WHAT TO PRODUCE: Looking at the data that follows, count the lines containing the word "detail" and write down only that count.

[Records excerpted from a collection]
↓↓↓

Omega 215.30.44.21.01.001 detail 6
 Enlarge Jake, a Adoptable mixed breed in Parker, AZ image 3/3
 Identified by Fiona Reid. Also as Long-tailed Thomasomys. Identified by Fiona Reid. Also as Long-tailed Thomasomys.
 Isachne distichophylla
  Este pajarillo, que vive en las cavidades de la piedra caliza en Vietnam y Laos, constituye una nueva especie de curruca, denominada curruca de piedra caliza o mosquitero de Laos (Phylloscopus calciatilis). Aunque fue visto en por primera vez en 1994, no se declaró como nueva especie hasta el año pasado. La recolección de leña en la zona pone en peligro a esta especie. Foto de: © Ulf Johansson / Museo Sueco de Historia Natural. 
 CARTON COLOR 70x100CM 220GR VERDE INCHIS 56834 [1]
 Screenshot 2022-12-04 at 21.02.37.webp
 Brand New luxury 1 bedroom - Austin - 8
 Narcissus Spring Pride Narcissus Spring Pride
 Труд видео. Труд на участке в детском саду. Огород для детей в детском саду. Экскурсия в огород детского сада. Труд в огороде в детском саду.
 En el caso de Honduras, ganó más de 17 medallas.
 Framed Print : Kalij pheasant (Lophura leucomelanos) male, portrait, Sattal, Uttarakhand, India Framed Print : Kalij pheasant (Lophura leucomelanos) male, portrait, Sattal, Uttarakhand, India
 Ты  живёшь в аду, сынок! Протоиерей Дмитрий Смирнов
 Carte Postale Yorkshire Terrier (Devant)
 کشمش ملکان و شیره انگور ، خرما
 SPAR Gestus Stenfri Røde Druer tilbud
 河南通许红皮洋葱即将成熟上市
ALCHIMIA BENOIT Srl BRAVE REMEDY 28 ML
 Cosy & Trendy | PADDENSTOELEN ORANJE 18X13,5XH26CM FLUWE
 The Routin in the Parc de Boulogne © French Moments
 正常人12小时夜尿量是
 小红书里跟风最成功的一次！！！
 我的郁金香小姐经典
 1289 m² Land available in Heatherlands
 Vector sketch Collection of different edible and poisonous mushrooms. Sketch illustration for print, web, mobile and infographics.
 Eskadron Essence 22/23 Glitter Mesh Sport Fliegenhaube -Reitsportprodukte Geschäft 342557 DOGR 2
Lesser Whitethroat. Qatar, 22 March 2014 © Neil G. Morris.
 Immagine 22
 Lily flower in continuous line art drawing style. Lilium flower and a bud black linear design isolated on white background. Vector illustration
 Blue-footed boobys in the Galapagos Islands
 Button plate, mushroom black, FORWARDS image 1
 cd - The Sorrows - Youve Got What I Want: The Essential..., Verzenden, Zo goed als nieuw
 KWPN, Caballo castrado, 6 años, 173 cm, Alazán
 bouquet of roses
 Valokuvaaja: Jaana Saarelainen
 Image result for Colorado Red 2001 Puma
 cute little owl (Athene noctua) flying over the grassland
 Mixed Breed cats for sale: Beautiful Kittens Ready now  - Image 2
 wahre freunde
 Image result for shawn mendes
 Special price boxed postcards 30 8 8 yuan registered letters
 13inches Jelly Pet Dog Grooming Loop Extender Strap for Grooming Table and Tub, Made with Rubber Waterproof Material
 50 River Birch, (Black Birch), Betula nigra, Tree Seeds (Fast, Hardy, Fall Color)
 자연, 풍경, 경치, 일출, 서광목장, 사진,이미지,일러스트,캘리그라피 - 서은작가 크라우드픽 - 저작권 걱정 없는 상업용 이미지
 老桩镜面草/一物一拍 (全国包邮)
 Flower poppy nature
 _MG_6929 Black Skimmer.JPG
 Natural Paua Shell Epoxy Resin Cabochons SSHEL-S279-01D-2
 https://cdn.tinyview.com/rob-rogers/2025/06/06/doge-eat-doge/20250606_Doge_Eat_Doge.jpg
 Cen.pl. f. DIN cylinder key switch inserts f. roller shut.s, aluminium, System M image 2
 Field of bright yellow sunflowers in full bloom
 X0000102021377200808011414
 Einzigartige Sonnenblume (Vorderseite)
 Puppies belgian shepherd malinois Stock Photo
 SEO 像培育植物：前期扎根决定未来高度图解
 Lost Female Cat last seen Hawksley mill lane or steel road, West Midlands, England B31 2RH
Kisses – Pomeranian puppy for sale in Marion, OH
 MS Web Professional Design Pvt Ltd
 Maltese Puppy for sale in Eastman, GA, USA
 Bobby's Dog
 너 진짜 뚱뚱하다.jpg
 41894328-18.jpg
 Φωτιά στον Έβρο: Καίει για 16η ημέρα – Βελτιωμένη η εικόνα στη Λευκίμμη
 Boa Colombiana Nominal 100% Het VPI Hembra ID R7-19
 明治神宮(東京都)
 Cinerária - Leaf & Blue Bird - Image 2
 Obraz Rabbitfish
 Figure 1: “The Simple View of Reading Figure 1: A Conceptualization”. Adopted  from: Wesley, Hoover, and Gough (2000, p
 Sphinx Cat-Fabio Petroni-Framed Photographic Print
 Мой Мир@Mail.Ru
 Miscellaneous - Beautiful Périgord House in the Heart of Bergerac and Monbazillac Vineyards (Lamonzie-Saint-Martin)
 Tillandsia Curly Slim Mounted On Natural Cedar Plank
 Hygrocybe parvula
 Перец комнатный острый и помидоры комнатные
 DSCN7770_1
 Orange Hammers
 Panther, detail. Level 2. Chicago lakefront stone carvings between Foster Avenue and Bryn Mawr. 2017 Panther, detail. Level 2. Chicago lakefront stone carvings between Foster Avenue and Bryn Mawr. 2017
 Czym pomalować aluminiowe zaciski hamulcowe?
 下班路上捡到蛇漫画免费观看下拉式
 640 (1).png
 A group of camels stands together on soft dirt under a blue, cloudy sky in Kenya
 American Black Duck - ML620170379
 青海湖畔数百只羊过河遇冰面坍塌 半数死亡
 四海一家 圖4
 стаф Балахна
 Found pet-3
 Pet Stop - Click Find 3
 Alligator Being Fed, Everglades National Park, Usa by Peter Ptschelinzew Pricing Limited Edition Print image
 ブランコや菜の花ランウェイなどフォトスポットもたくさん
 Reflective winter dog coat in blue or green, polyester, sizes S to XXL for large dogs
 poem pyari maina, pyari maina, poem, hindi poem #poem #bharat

↑↑↑

RESULT FOR THIS EXERCISE: 2